Shunt resistors are used where there are high currents. As such the point at which you tap of the voltage to be measured is important. Moving it by even 1mm may make a big difference especially if there are large currents.
The four tap shunt is built to have the voltage points there where they represent the correct conversion from amps to voltage. See it is part of the calibration.

On your question of putting them in parallel.
That would be possible if the two resistors where really equal in value. In that case you can measure one of them and multiply the result by two.
But we all know components are never exactly accurate. Thus a small difference in resistance will make the current split unequal. I would say you have to measure both voltages and add them up.

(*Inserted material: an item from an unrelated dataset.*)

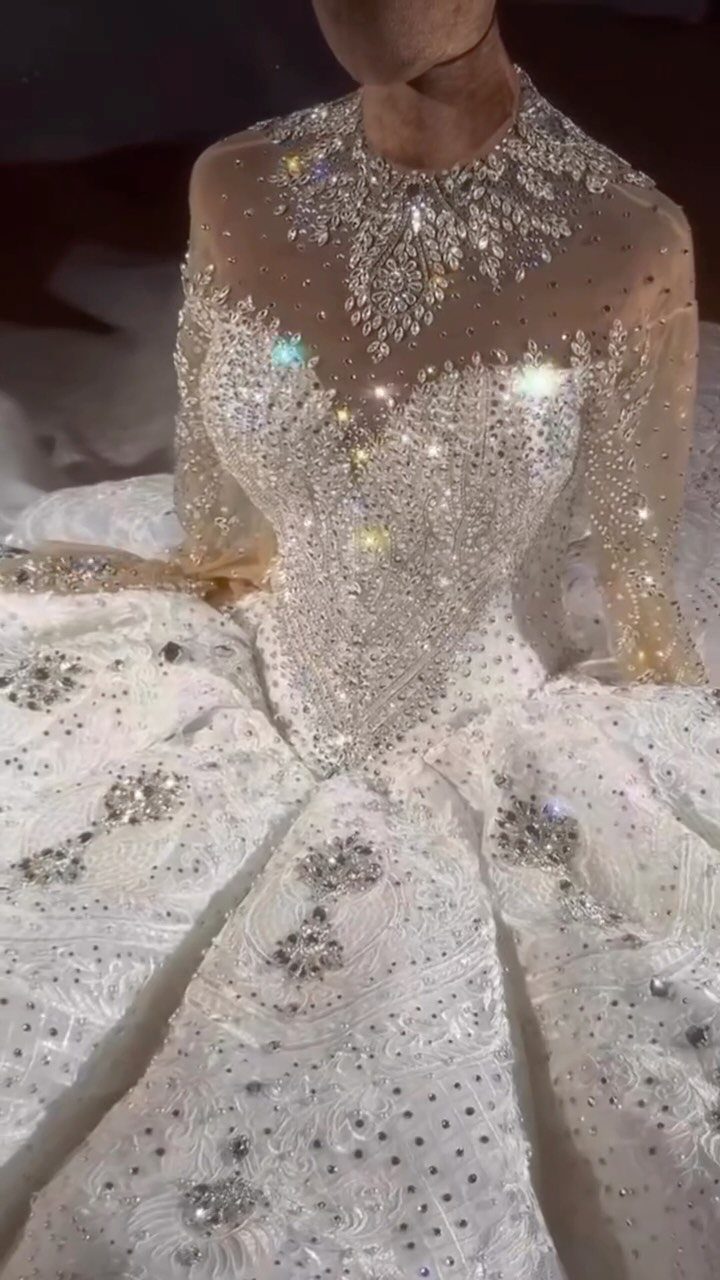 Fairy Tail Dress Ideas: 6 Styles for Fairytale Looks 1 White sparkling ball gown with crystal embellishments and a voluminous textured skirt.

• Clear. How do we connect them if we are using two such shunts in parallel connection? – Durgaprasad Jan 9 '18 at 12:53
• @Durgaprasad: if you connect 2+ such 4-terminal shunts in parallel, then just ignore that extra terminals and branch off first on the track before first resistor, and on track after the last resistor in paralell. The reason is, when you CONNECT them in parallel, you need some TRACK or JOINT that does the connection, and these kind of things is precisely what you usually try to avoid by using special terminals. If you parallelize them, do your thing and just ignore them.. OTOH, if you want that to be precise, buy a single 4-term resistor that has N times larger resistance. – quetzalcoatl Jan 9 '18 at 13:07
• @quetzalcoatl you mean smaller - putting resistors in parallel will make total resistance smaller. – Arsenal Jan 9 '18 at 13:53
• My, of course! I was writing having in mind "series" the time, I have no idea why. – quetzalcoatl Jan 9 '18 at 14:05
• @quetzalcoatl: Connecting C1, C2, and C3 each to a common point via moderate-value (e.g. 1K) resistors, and doing likewise with D1, D2, and D3, should avoid the need for separate ADCs if the measurement device's input impedance is high enough that the added series resistance doesn't matter. Current flowing in the added resistors may lead to measurement errors, but should typically be small enough to be a non-issue. – supercat Jan 9 '18 at 21:55

Shunt resistors for measuring large currents have very low resistance so they don't consume excessive power and produce excessive heat. Shunt resistors are usually far less than 1 ohm, usually being 0.1 or 0.01 ohms or even 0.001 ohms. The problem with using resistors of such a low value is that the resistance of the solder joints and circuit board traces can be a similar order of magnitude and hence will create a voltage drop similar in magnitude to the voltage drop across the sense resistor itself. This makes accurately measuring the voltage drop through the precision sense resistor a bit tricky. The most robust solution to this is to separate the high current path from the voltage sense path with a 4 terminal shunt. The high current path may have a few extra milivolts of drop due to the extra miliohms of resistance from the traces and solder joints, but the voltage sense connections will not see this due to the different current path and can therefore much more accurately read the shunt voltage.